**Recorded data**:
──────────

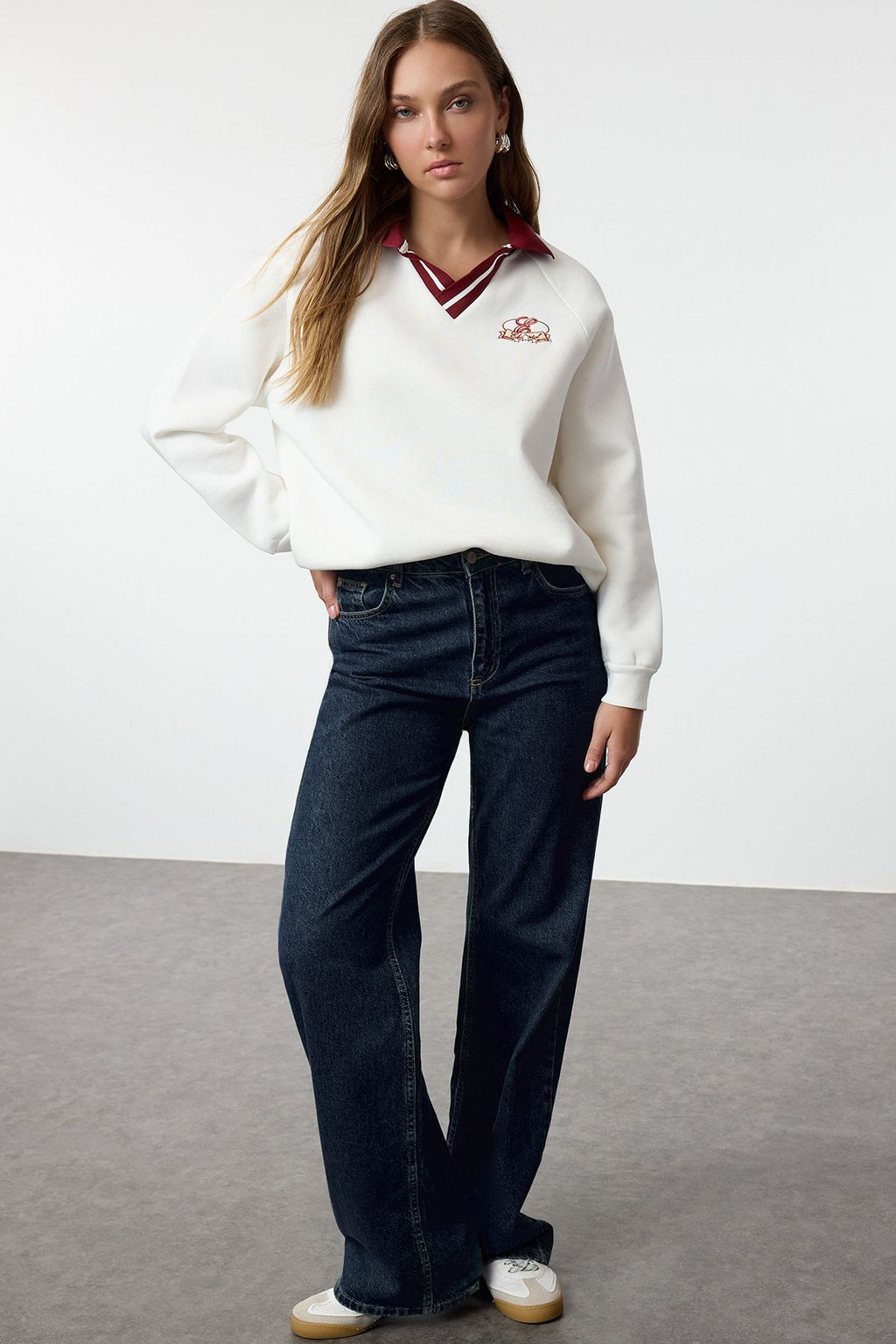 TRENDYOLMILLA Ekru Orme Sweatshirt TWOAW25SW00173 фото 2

──────────

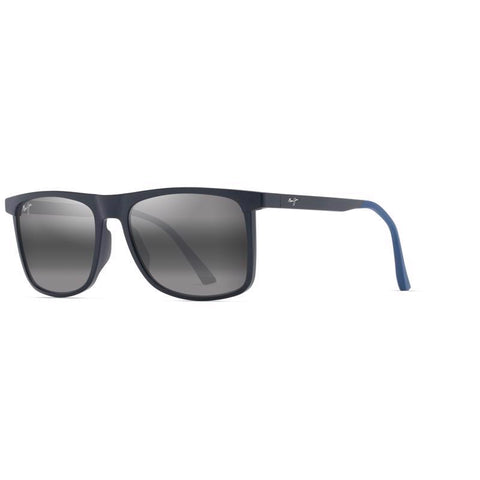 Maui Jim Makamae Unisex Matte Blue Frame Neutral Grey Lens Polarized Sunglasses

──────────

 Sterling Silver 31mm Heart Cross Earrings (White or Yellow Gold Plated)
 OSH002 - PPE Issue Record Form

──────────

Extract the lines of the preceding material that run from the line with "Sterling Silver 31mm" through the line with "OSH002 - PPE Issue Record Form", inclusive, reproducing them exactly and adding nothing.

 Sterling Silver 31mm Heart Cross Earrings (White or Yellow Gold Plated)
 OSH002 - PPE Issue Record Form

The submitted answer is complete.